Japan and Egypt have agreed to cooperate on maintaining stability in Afghanistan following the withdrawal of British and NATO forces from the country, the Japan Times reported.
Egyptian President Abdel Fattah Al-Sisi, Foreign Minister Sameh Shoukry, and his Japanese counterpart Toshimitsu Motegi met in Cairo and called on all parties concerned to restore peace and order in the country and protect lives and property.
"We shared concerns about the current situation in Afghanistan and agreed to cooperate so that it will not become a further destabilising factor," said Motegi.

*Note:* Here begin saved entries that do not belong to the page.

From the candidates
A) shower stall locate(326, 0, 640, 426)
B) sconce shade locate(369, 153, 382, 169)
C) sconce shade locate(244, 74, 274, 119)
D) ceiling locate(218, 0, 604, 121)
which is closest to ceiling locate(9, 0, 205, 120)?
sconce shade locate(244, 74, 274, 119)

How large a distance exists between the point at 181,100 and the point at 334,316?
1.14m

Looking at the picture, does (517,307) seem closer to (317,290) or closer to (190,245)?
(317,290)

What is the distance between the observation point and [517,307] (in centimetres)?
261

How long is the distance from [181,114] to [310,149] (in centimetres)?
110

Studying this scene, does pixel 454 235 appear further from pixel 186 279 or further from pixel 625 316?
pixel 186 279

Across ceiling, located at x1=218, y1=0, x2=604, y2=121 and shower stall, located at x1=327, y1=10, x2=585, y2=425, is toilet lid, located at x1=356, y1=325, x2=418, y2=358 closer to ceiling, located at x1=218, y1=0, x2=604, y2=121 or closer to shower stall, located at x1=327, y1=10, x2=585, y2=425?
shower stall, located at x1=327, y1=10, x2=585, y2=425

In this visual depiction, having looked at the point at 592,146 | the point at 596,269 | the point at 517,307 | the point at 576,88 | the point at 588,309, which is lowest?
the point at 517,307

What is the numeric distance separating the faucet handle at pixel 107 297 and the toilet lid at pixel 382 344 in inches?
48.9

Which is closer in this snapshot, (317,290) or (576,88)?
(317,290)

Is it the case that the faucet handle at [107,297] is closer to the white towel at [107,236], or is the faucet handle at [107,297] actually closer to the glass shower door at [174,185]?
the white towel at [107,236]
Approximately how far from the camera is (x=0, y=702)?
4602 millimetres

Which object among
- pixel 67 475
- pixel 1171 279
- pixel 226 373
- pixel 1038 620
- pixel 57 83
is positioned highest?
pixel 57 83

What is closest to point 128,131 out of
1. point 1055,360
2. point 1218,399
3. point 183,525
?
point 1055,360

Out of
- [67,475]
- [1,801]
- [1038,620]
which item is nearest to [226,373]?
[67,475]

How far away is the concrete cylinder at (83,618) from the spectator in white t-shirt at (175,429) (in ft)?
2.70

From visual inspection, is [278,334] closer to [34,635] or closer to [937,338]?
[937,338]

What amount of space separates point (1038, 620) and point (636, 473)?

In February Japan's Ambassador to Egypt, Noke Masaki said that the future of bilateral relations between Egypt and Japan is full of possibilities.
Yesterday the UK's Defence Secretary Ben Wallace told Reuters that he acknowledged that the Taliban are in control of the country and that going back in "wasn't on the cards" after the Taliban's forces surrounded the capital over the weekend.
On Sunday the Taliban announced it had taken control of 31 provinces including Laghman, Bamyan, and Nangarhar.
On Sunday Afghan President Ashraf Ghani fled abroad marking the end of two decades of a US-led coalition in the country.
Videos showed people clinging to the wheels of a plane as it took off, whilst another showed a man being pulled up into the window of the plane.
Countries across the world have taken different positions with Oman's Grand Mufti, Ahmed Bin Hamad Al-Khalilli yesterday congratulating the Afghan people for a "clear victory and the grand conquering of the aggressor invaders."
Iranian President Ebrahim Raisi has said the withdrawal of US troops will offer a chance for lasting peace in Afghanistan.
Joe Biden himself has said he "stands squarely" behind the decision to withdraw American forces. "How many more lives are worth it?" he asked.